Das bedeutendste Objekt in St. Lucia ist ein aus Silber und Messing äußerst fein gearbeitetes romanisches Vortragekreuz. Ein Vortragekreuz – es kann aus Metall oder Holz bestehen − wird auf einer Stange beim Einzug in die Kirche zur Hl. Messe, bei Prozessionen, Wallfahrten, Begräbnisfeiern oder Gräbersegnungen vorangetragen und kann während der Messfeier in der Nähe des Altares aufgestellt werden. 

Das Kreuz in Immekeppel mit seinen T-förmigen Enden wird als Krückenkreuz bezeichnet. In seinen Zwickeln befinden sich Palmetten; die Vorderseite wird von einem erhabenen Rand mit dichten Kreuzschraffuren eingefasst. Am Kreuzstamm oberhalb des Titulus ragt flankiert von zwei Sternen die reliefierte Dextera, die rechte Hand Gottes, nach unten weisend aus einem Gewandärmel. Unten am Stamm und an den Balkenenden sind jeweils drei Sterne eingraviert. Die Rückseite zeigt in der Kreuzvierung das Eucharistische Lamm in einem Medaillon und auf den Kreuzenden, ebenfalls in Medaillons, die Symbole der Evangelisten. Der flache Rand ist auch hier mit Kreuzschraffuren versehen. Die die Medaillons verbindenden Mittelstreifen bestehen aus Kreuzschraffuren und Ranken; sie werden auf beiden Seiten von Sternen begleitet. 

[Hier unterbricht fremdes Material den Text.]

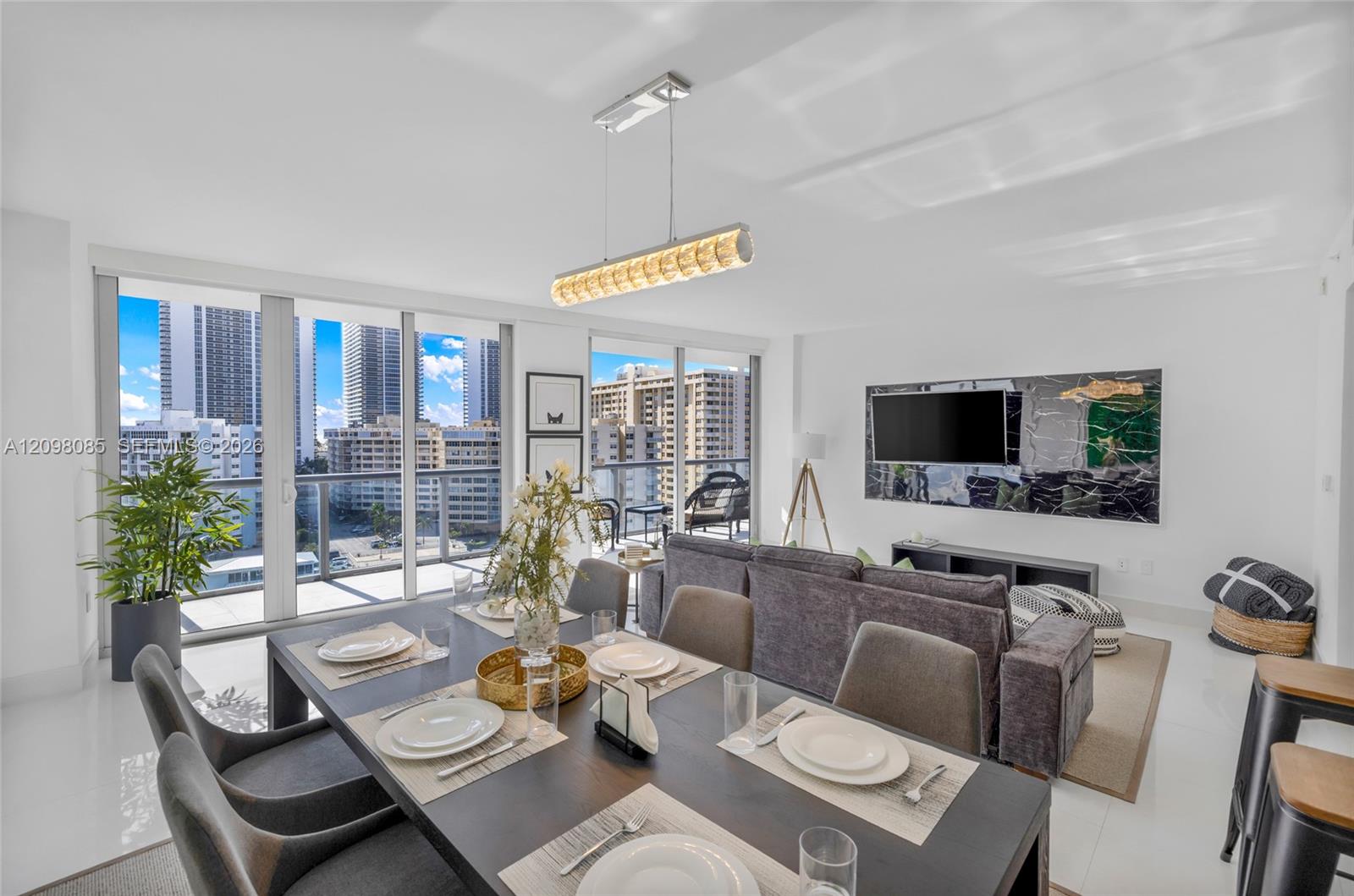 2600 E Hallandale Beach Boulevard gallery image #2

Am Kreuz ist mit vier Nägeln ein silberner Korpus befestigt; das eine Krone tragende Haupt ist leicht nach rechts geneigt. Die Arme sind angehoben, die Hände mit einwärts gebogenen Daumen nach unten abgewinkelt. Die Rippen treten stark hervor, die Hüfte ist deutlich nach rechts verschoben und zusammen mit den Oberschenkeln in ein reich verziertes Lendentuch mit kunstvoll gebundenem Zingulum gehüllt. Jesus wird hier zwar als Leidender, aber auch als König und Sieger über den Tod dargestellt.

Vergleichbare alte und prächtige Vortragekreuze findet man heute noch in einigen Kirchen (z.B. in St. Pantaleon und St. Maria Lyskirchen in Köln) und in Museen: Ein ähnlicher Korpus – allerdings ohne Kreuz – wird im Kölner Museum Schnütgen bewahrt, ein fast identischer Korpus mit Krückenkreuz im Kopenhagener Nationalmuseum.

Das Vortragekreuz in St. Lucia, das spätestens um 1150, möglicherweise aber bereits schon im 11. Jahrhundert entstanden ist, dient als gutes Beispiel dafür, wie liturgische Objekte eine Brücke vom 21. Jahrhundert in die Vergangenheit schlagen. Besonders erfreulich ist die Tatsache, dass das Kreuz immer noch in die Gottesdienste im „Sülztaler Dom“ einbezogen wird. 

Literatur/Quellen

Frantzen, Leo: St. Lucia – Sülztaler Dom zu Immekeppel, 2. Ausgabe, Overath 2007, S. 16f.

Müller, Gerd: Der Lehnhof Sulsen-Immekeppel, ein rechtsgeschichtlicher Überblick, in: 800 Jahre Immekeppel. Ein Heimatbuch, hg. vom Arbeitskreis Heimatbuch Immekeppel, Bergisch Gladbach 1966, S. 170–179.

Panofsky-Soergel, Gerda: Die Denkmäler des Rheinlandes, 19. Band (Rheinisch-Bergischer Kreis 1, Bechen – Hohkeppel), hg. vom Landeskonservator Rheinland, Düsseldorf 1972, S. 55f.

Schneider, Walter: Die katholische Pfarrkirche St. Lucia in Immekeppel, in: Achera (Beiträge zur Geschichte der Stadt Overath 8), Overath 2004, S. 6f.